Every metric used across the four feasibility calculators, with the underlying formula, the variables that drive it, and the assumptions you should challenge before underwriting. Tooltip labels throughout the app deep-link here.

For the full per-tab walk-through (LandGEM, Arps, derate stack, capex breakdown), see Methodology.

Net kW

Useful electrical power available to mining ASICs after every engine derate and parasitic load.

kW_{\text{net}} = kW_{\text{gross}} \cdot (1 - d_{\text{alt}})(1 - d_{\text{amb}})(1 - d_{\text{H}_2\text{S}})(1 - d_{\text{silox}}) - P_{\text{parasitic}}

kW_gross: scfm × BTU/scf × 60 × η_elec ÷ 3,412 (LHV basis)
d_alt: Altitude derate: ~3% per 1,000 ft above 500 ft
d_amb: Ambient temperature derate: ~1% per 10 °F above 77 °F intake
d_H₂S: Step penalty above 500 ppm H₂S in feed gas
d_silox: Step penalty above 5 mg/Nm³ siloxane in feed gas
P_parasitic: Compressors, chillers, miner-room HVAC; default 8% of gross

Net kW is the headline number every downstream metric depends on — miner count, hashrate, mining revenue, capex sizing. We start from the LHV energy content of the gas, apply the engine’s electrical efficiency, then subtract every derate the engine OEM will quote against.

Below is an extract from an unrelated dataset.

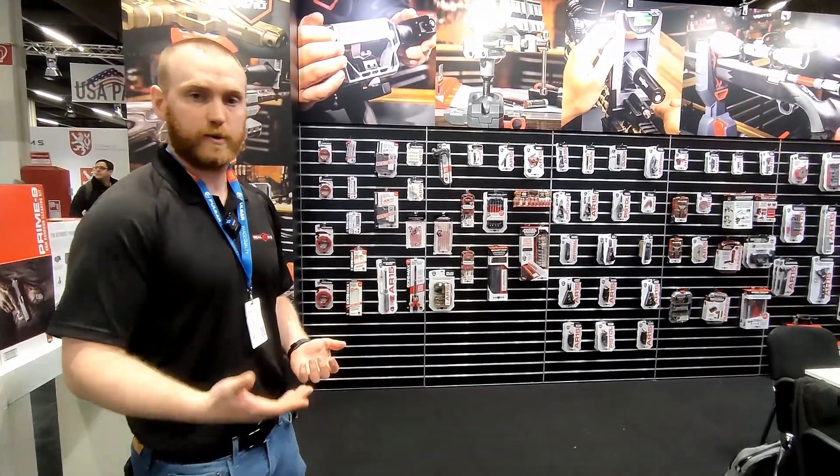Hi, my name is Jake with Real Avid. I'm here at EWOD and I just want to walk you through what Real Avid is and the different products that we have.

Each derate is independent and multiplicative. A site at 4,000 ft with 90 °F ambient and 800 ppm H₂S can lose 25–35% of nameplate before any parasitic load. Always size the gen-set against the worst-month derated output, not the nameplate.

See alsoHashrate Effective Uptime

Hashprice

USD revenue earned per terahash per second per day at current network conditions.

\text{hashprice} = \frac{(\text{block subsidy} + \text{fees}) \cdot P_{\text{BTC}}}{\text{network hashrate (TH/s)}} \cdot \frac{144 \text{ blocks/day}}{1}

block subsidy: Currently 3.125 BTC/block (post-2024 halving)
fees: Average transaction-fee revenue per block (USD or BTC)
P_BTC: Spot Bitcoin price in USD
144: Blocks per day at the 10-minute target interval
network hashrate: Total network hashrate in TH/s

Hashprice is the single best summary statistic for mining profitability. It collapses BTC price, network difficulty, block subsidy and fee market into one number ($/TH/day) you can multiply by your fleet hashrate to get revenue.

Industry trackers (Hashrate Index, Luxor, CoinMetrics) publish hashprice daily. As of late 2024 it has ranged $40–$60/PH/day (~$0.04–$0.06/TH/day). The calculator defaults reflect that band; use Bear/Bull BTC price scenarios to envelope hashprice volatility.

Difficulty adjusts every 2,016 blocks (~2 weeks) to keep block time at 10 min. If BTC price stays flat but global hashrate grows, hashprice falls. Conversely, fee spikes (ordinals, congestion) lift hashprice even at constant BTC price.

See alsoHashrate IRR

Hashrate (gross fleet)

Total computational throughput of the mining fleet, in terahashes per second.

\text{TH/s}_{\text{fleet}} = n_{\text{miners}} \cdot \text{TH/s}_{\text{per-miner}}, \quad n_{\text{miners}} = \left\lfloor \frac{kW_{\text{net}}}{kW_{\text{per-miner}}} \right\rfloor

n_miners: Integer number of ASICs the gas-to-power stack can feed
TH/s_per-miner: Antminer S19 XP default: 140 TH/s @ 3.0 kW (≈ 21.5 J/TH)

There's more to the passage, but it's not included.